La paleta de Antonio López incluye la perfección. Al verle en movimiento -frente a su caballete en plaza del Sol (Madrid) cubierto con una visera roja de propaganda, en bermudas, y junto a una modesta silla plegable- descubro cuánto ama el trabajo que realiza, lo mucho que se exige, la persistencia en el empeño hasta alcanzar el matiz preciso del ángulo y de la luz. Intuyo también de dónde emerge su fuerza.
Son muchas las gafas con las que amanece el porvenir: de lejos, cerca, de sol, de pasta, metálicas, bifocales, e incluso unas que descubrí el mismo día que me enamoré de la perfección de Antonio: unas gafas que evitan el llanto mientras cortas la cebolla. En la ferrería me informaron de su precio: tres euros, pero no especificaron si evitan la llantina por causas ajenas a las herbáceas.

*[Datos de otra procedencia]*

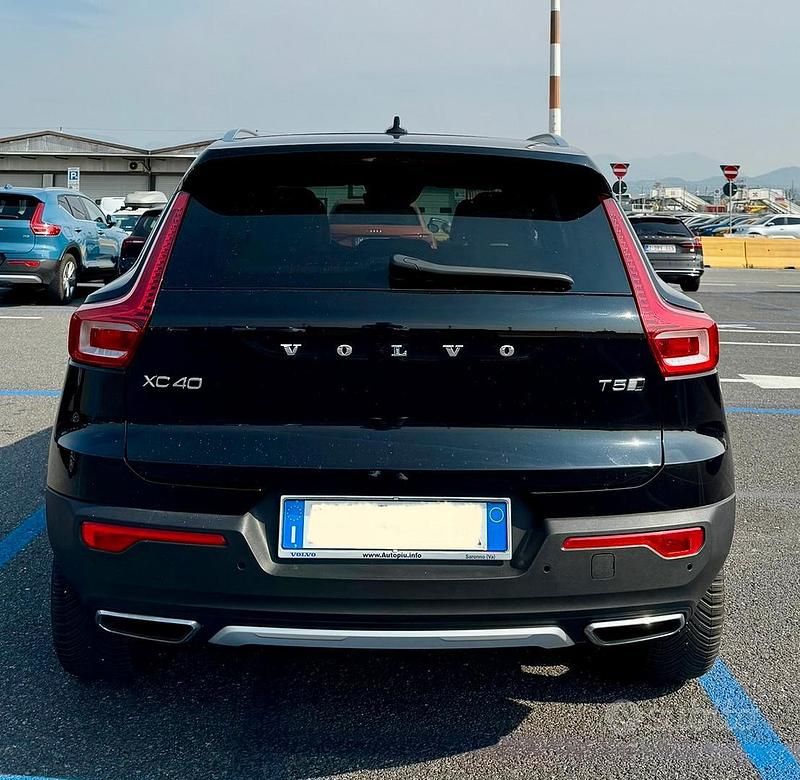 Usata Volvo XC40 Inscription 247 CV (181 kW) 2019 SUV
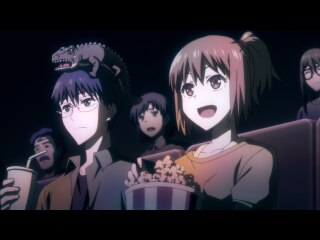 第5話 騎士 東雲半月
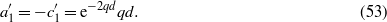 Equation (53)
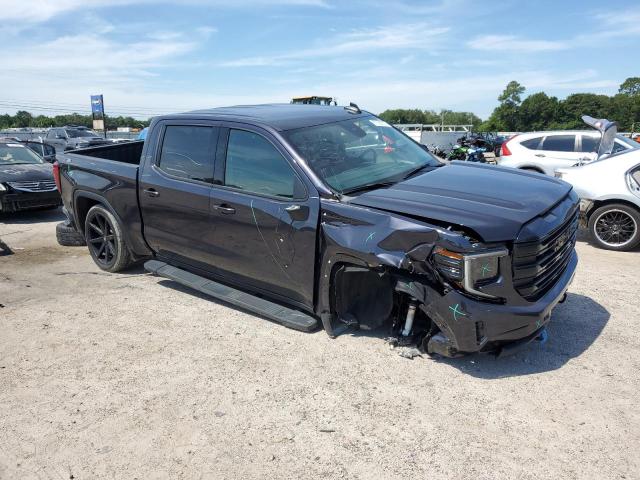 Photo 4 from auction – 2024 GMC SIERRA K15 with VIN 3GTUUCED5RG384126
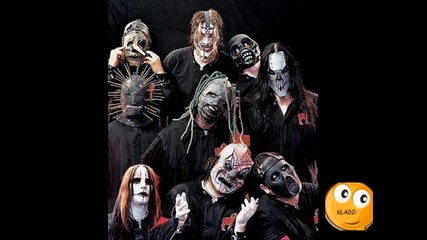 Slipknot - No Life
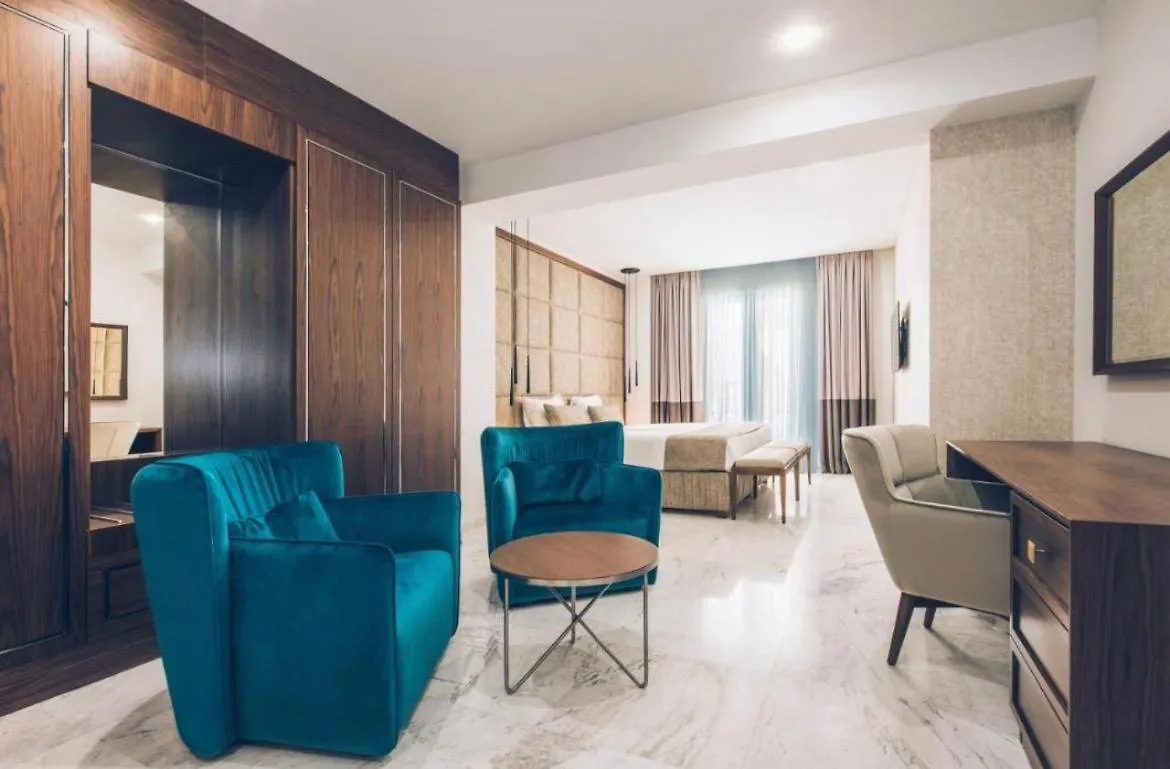 Nina Apartment Rijeka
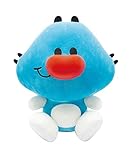 Oggy Oggy Funktionsplüsch, mit Licht und Sound, 30cm, Plüschfigur ab den ersten Lebensmonaten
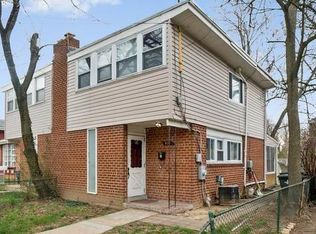 834 Eastern Ave NE, Washington, DC 20019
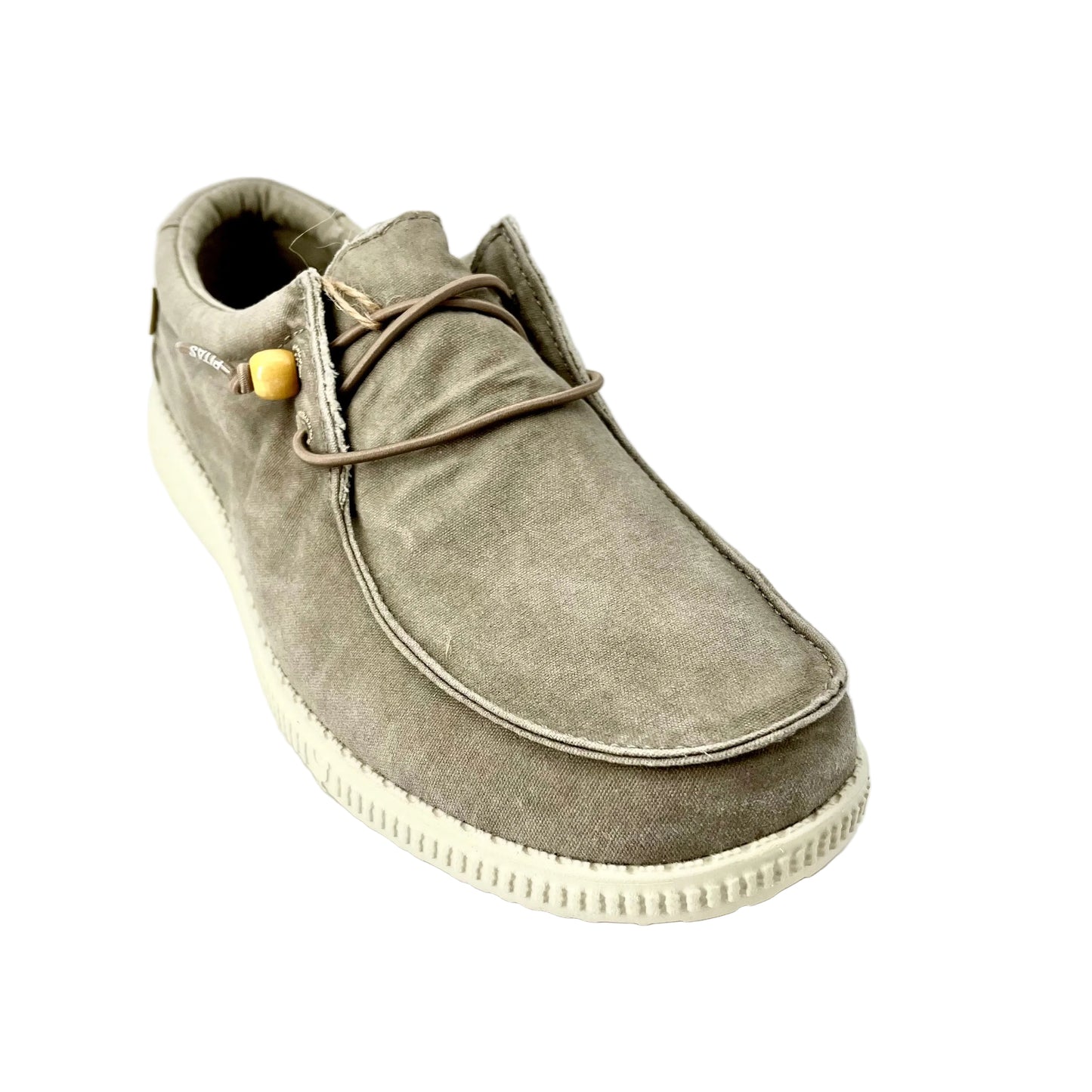 Pitas Wallaby Washed Beige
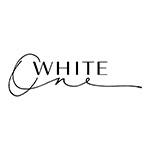 Logo One White Logo One White
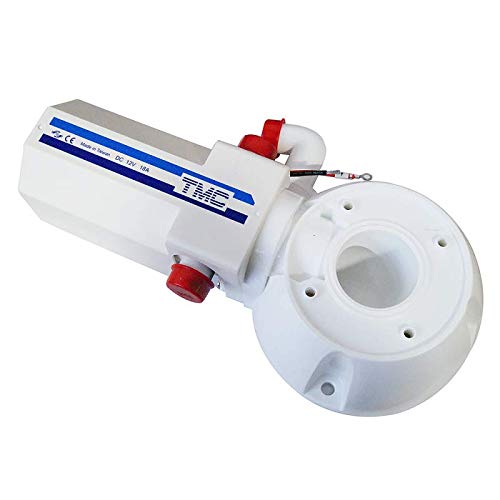TMC Umbauset für Hand-WC, elektrisch, 12 V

Esa noche vi la luna llena y naranja sobre el horizonte azul de la bahía. A igual que otros muchos paseantes creí la quimera de que su bello reflejo en el inmenso mar me seguía con la fidelidad de un perro.
Todo depende de la perspectiva de la mirada (del pintor Antonio López), del color emocional de las gafas con las que se contemplen lugares y personas, y de la creíble fantasía de que la luna se rinde a tus pies cuando tan sólo sigue las órdenes rítmicas y exactas de la tierra en su vaivén de rotación.
La antológica de López en el Museo de Bellas Artes de Bilbao, las gafas en la ferretería de Indauchu, el masaje en Nivel 3 y la comida en el restaurante Lu´um completan la miscelánea de una jornada hedonista, de un homenaje, de un día fuera del tiempo, de la prisa, de los quehaceres domésticos y del trabajo en el despacho. Un día en el nirvana que no es un lugar sino un estado.
En la sauna, el baño turco, y el jacuzzi me re-encontré con una mujer muy parecida a mi que tenía cuerpo. Entre sola y salimos juntas prometiendo quedar más a menudo. Me hizo bien la sensación de calor, el sudor, los chorros de agua fría en la ducha, las burbujas en medio de las cuales sólo veía a ratos los dedos pulgares de mis pies. La otra fue apoderándose de mis sensaciones hasta coparlo todo: el tacto, el olfato, la azulada vista del techo... Cuando llegué donde Ánder (el masajista) ya flotábamos en una nube de bienestar. Al salir yo media dos centímetros más. Palabra.
One day off cunde mucho. Anclada en mi nuevo cuerpo me propongo embotellar el nirvana para alcanzar la perfección, ahora que he comprobado su existencia en la paleta de Antonio López. Y el secreto: su recia fuerza castellana emerge de su mujer, su hija María, y su nieta Carmen.